The Need for Magnesium Supplements
A magnesium deficiency can cause significant symptoms. Some of the most prominent include:
*hypertension and cardiovascular disease
*kidney and liver damage
*peroxynitrite damage that can lead to migraine headaches, multiple sclerosis, glaucoma or Alzheimer’s disease
*nutrient deficiencies including vitamin K, vitamin B1, calcium and potassium
*restless leg syndrome
*worsened PMS symptoms
*behavioral disorders and mood swings
*insomnia and trouble sleeping
*recurrent bacterial or fungal infections due to low levels of nitric oxide or a depressed immune system
*muscle weakness and cramps
Why is magnesium deficiency so common? A few factors are at play: soil depletion that lowers the amount of magnesium present in crops; digestive disorders that lead to malabsorption of magnesium and other minerals in the gut; high rates of prescription medication and antibiotic use that damages the digestive tract to the point that magnesium cannot be absorbed and properly utilized from foods.

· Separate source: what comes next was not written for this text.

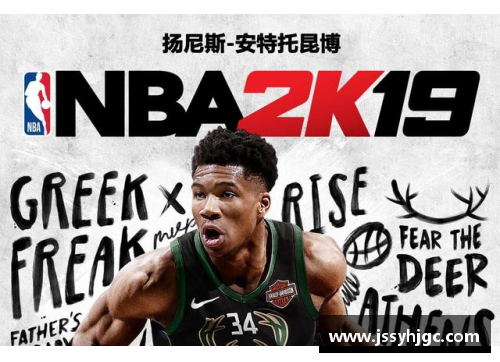 开云电子NBA新雷神：新星光耀联盟，创造传奇之路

The body loses stores of magnesium every day from normal functions such as muscle movement, heartbeat and hormone production. Although we only need small amounts of magnesium relative to other nutrients, we must regularly replenish our stores either from foods or magnesium supplements in order to prevent deficiency symptoms.
The kidneys primarily control levels of magnesium within the body and excrete magnesium into the urine each day, which is one reason why urinary excretion is reduced when magnesium and other electrolyte statuses are low. Magnesium is actually the least abundant serum electrolyte in the body, but it’s still extremely important for your metabolism, enzyme function, energy production, and for balancing nitric oxide (NO) in the body.